Schools such as Fullerton College are now utilizing technologies such as QLess, which facilitates getting in line…virtually. Instead of physically appearing at their school’s financial aid office, students whose schools employ this type of technology can “queue up” online. They simply enter their information from cell phones, kiosks or the web and then receive a call or text message when it’s almost their turn. This type of advancement makes it more likely that students will follow through with the appointments crucial to their higher education success.

Video Tutorials Educate and Limit Financial Aid Misunderstanding.

No one ever said it is easy to apply for financial aid. Unfortunately, difficult paperwork and missed deadlines account for droves of students missing out on financial aid or college altogether. Several schools, such as Penn State, have decided to combat this problem with video tutorials that explain their financial aid process in the hopes that this will help new students get and keep educational funding.

Technology Boosts Enrollment by Minimizing Application Losses.

Let’s face it: young adults aren’t the most organized bunch. Sadly, a “lost” award letter could mean the difference between a student attending college and staying home. AwardLetter delivers award information to students in a fast, secure, online manner, so it is less likely the good news will slip through the cracks.
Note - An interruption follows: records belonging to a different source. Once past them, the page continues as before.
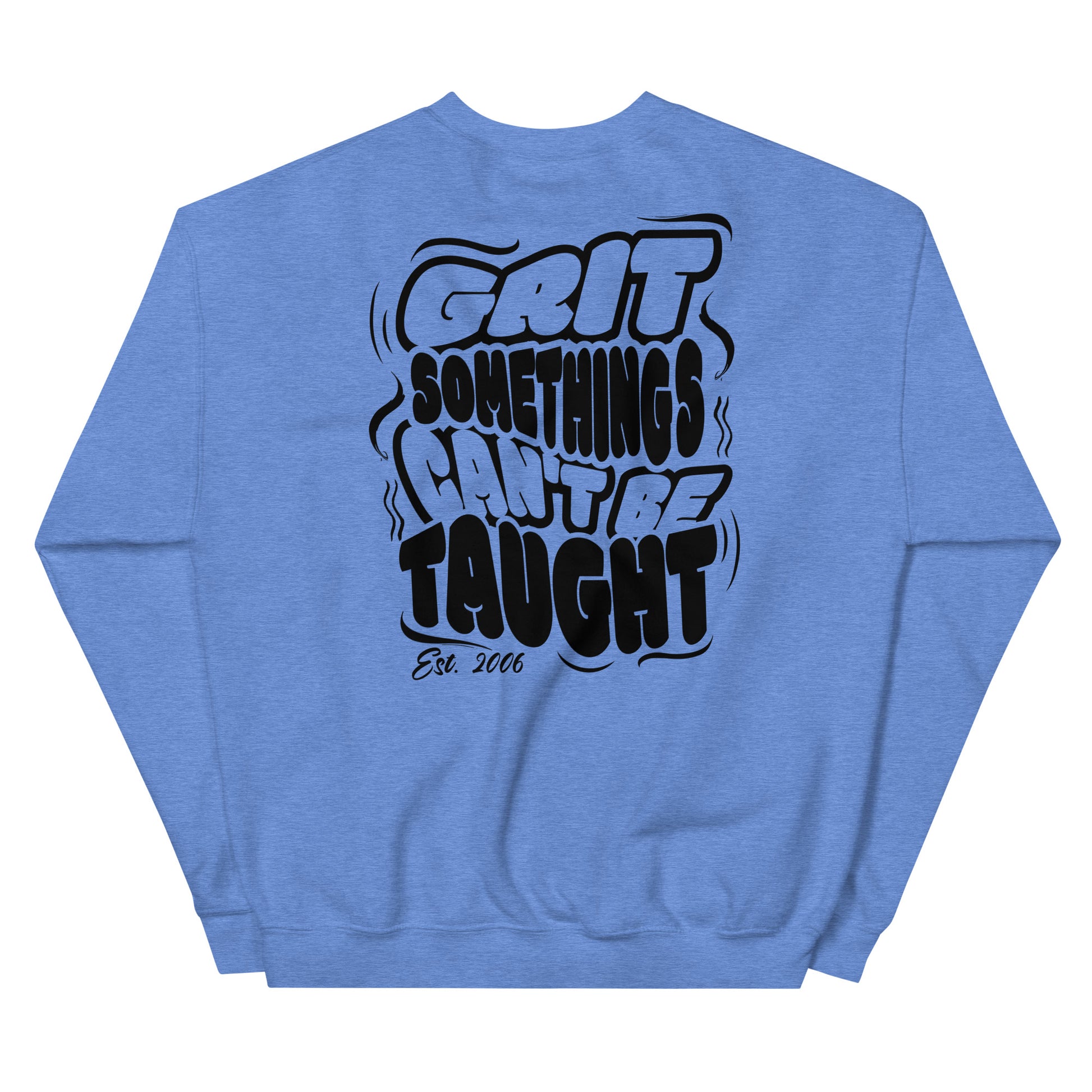 Blue sweatshirt with black text on a white background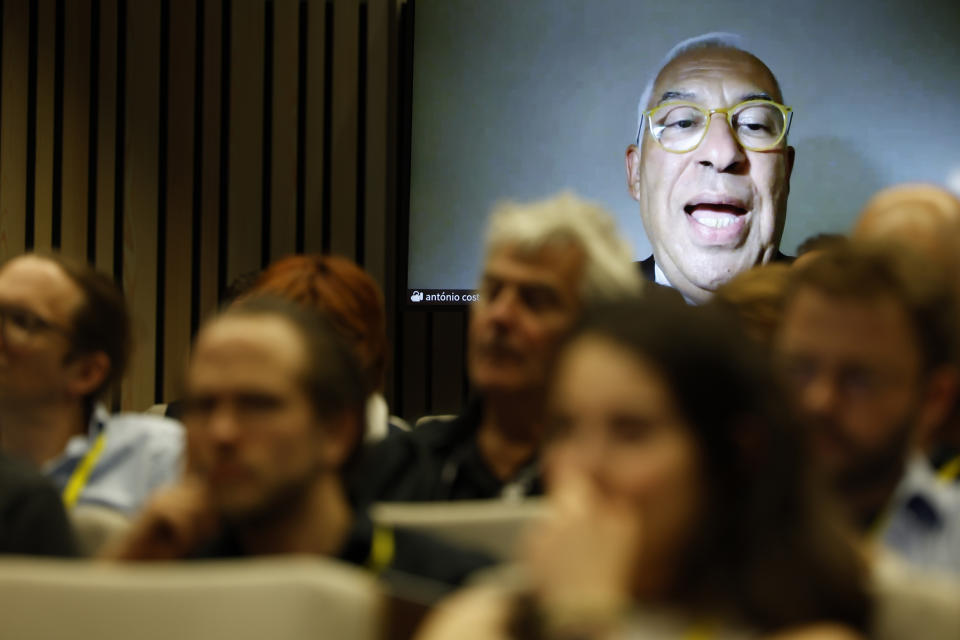 Portugal's former Prime Minister Antonio Costa addresses a media conference via videolink during an EU summit in Brussels, early Friday, June 28, 2024. European Union leaders signed off a trio of top appointments for their shared political institutions on Thursday evening, reinstalling German conservative Ursula von der Leyen as president of the European Commission for another five years. At the side of von der Leyen should be two new faces: Antonio Costa of Portugal as European Council President and Estonia's Kaja Kallas as the top diplomat of the world's largest trading bloc. (AP Photo/Geert Vanden Wijngaert)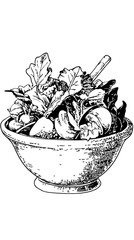 Garden salad bowl with fresh vegetables and herbs in linocut style vector illustration on a transparent background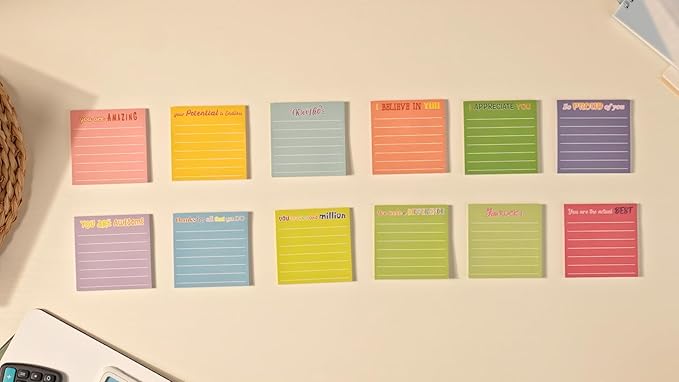 Yinder 24 Pcs Employee Appreciation Sticky Notes Xmas Gift Bulk Motivation Note Pads Mini Inspirational Note Gift for Teacher Nurse Staff Coworker Office Supply 3 x 3'' (Appreciation,Light Color)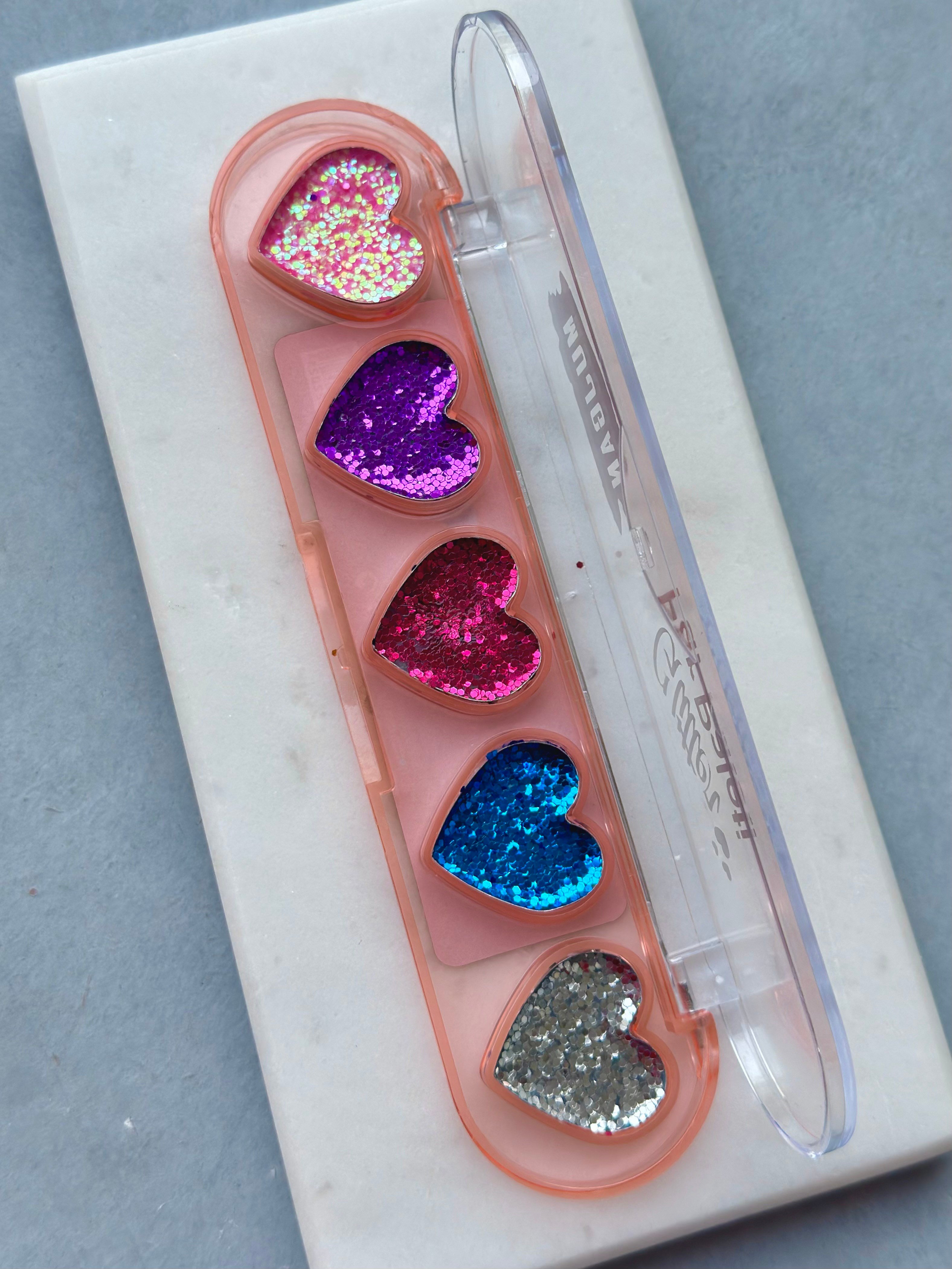Kalp Desenli Glitter Paleti 5'li Pembe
AwardLetter can also link to video tutorials and other clarifying information to help students understand their awards. This ups the chances students will borrow responsibly and get their education.

Technological Integration Reduces Time Spent on Paperwork and Processing.

Most schools utilize systems such as CampusVue to automate eligibility processes, financial aid processing, payment posting, Title IV compliance and more. However, many financial aid offices are still half and half; they use a student information system (SIS) but complete many aid processes by hand requiring students to come into the office. Financial aid departments would benefit from switching manual processes like verification over to an automated, self-service system. This not only cuts costs and saves time, it also significantly improves the student experience.

New ed tech is often daunting at first, but once integrated into your normal routines, they become helpful time-savers that can encourage student attendance, increase enrollment, streamline office functions and generally improve higher education workflow.